In the records below, the lines between the one holding "В гармонии с" and the one holding "N190Y, 2005 Maule", inclusive, are to be transcribed exactly; no pictures are to be included.

Extracted data.

--- START ---

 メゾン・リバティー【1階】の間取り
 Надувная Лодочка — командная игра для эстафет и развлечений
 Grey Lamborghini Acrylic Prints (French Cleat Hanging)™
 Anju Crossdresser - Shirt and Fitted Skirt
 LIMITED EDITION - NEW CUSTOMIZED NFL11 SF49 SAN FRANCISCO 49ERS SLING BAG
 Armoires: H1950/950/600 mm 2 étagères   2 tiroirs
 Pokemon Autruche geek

--- END ---
--- START ---

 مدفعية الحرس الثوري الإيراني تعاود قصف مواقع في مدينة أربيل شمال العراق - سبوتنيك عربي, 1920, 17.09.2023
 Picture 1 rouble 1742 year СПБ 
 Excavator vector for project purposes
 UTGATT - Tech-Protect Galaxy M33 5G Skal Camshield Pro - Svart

--- END ---
--- START ---

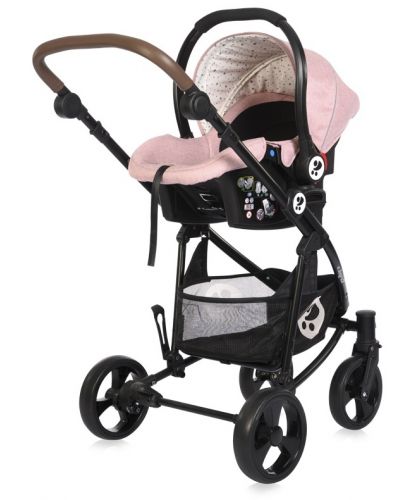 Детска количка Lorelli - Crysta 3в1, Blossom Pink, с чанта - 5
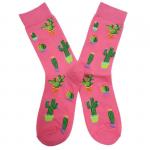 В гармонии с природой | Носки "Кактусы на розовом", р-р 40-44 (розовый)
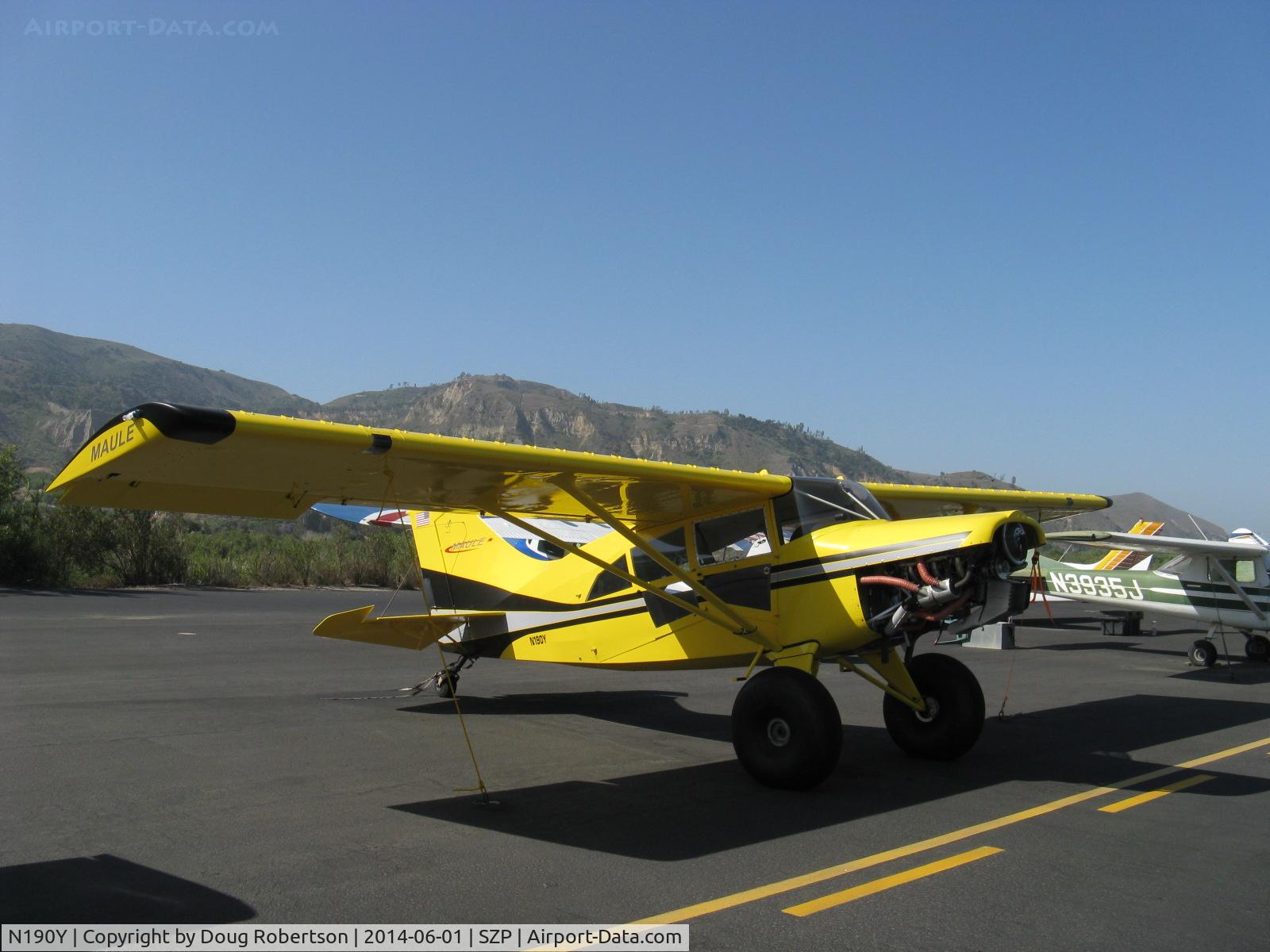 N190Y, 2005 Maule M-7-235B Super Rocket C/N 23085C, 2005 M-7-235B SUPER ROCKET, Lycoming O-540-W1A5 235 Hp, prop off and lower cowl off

--- END ---

Exercise response.
 В гармонии с природой | Носки "Кактусы на розовом", р-р 40-44 (розовый)
 N190Y, 2005 Maule M-7-235B Super Rocket C/N 23085C, 2005 M-7-235B SUPER ROCKET, Lycoming O-540-W1A5 235 Hp, prop off and lower cowl off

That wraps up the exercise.